Prompt:
Exactly reproduce the lines from the line containing "Cute Small Hearts" to the end of the data below, inclusive, and nothing else.

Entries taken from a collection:
********************

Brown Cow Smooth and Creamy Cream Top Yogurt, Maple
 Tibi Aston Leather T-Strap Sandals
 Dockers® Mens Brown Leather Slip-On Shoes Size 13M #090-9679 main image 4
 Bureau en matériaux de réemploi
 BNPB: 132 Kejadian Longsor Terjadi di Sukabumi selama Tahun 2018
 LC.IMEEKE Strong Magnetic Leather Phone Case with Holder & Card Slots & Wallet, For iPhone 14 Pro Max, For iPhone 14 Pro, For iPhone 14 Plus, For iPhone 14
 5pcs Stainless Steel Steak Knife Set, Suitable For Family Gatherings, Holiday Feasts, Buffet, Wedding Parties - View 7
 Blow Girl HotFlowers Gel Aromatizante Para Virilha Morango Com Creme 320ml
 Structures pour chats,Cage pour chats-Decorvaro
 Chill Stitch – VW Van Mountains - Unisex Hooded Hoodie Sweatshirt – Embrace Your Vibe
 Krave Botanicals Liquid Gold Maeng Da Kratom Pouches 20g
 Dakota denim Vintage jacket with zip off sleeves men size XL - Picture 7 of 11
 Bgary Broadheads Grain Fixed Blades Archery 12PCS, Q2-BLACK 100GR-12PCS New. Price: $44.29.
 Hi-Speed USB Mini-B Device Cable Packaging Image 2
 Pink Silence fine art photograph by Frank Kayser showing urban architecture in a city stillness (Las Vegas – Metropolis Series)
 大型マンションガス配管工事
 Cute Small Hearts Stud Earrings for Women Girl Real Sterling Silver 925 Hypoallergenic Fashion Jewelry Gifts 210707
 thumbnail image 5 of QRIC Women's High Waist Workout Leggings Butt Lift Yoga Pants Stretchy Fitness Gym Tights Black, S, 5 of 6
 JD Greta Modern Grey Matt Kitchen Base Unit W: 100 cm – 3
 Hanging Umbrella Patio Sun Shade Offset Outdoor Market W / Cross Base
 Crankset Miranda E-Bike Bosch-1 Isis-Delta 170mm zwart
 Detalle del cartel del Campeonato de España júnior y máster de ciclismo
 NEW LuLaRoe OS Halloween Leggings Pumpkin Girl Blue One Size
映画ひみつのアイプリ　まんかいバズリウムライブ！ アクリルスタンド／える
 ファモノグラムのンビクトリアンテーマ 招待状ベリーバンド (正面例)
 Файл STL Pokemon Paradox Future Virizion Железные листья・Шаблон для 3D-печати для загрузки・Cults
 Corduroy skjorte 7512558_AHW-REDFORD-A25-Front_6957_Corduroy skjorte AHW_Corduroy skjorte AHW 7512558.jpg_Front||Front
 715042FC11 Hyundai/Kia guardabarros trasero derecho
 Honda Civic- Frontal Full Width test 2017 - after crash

********************

Answer for the task:
 Cute Small Hearts Stud Earrings for Women Girl Real Sterling Silver 925 Hypoallergenic Fashion Jewelry Gifts 210707
 thumbnail image 5 of QRIC Women's High Waist Workout Leggings Butt Lift Yoga Pants Stretchy Fitness Gym Tights Black, S, 5 of 6
 JD Greta Modern Grey Matt Kitchen Base Unit W: 100 cm – 3
 Hanging Umbrella Patio Sun Shade Offset Outdoor Market W / Cross Base
 Crankset Miranda E-Bike Bosch-1 Isis-Delta 170mm zwart
 Detalle del cartel del Campeonato de España júnior y máster de ciclismo
 NEW LuLaRoe OS Halloween Leggings Pumpkin Girl Blue One Size
映画ひみつのアイプリ　まんかいバズリウムライブ！ アクリルスタンド／える
 ファモノグラムのンビクトリアンテーマ 招待状ベリーバンド (正面例)
 Файл STL Pokemon Paradox Future Virizion Железные листья・Шаблон для 3D-печати для загрузки・Cults
 Corduroy skjorte 7512558_AHW-REDFORD-A25-Front_6957_Corduroy skjorte AHW_Corduroy skjorte AHW 7512558.jpg_Front||Front
 715042FC11 Hyundai/Kia guardabarros trasero derecho
 Honda Civic- Frontal Full Width test 2017 - after crash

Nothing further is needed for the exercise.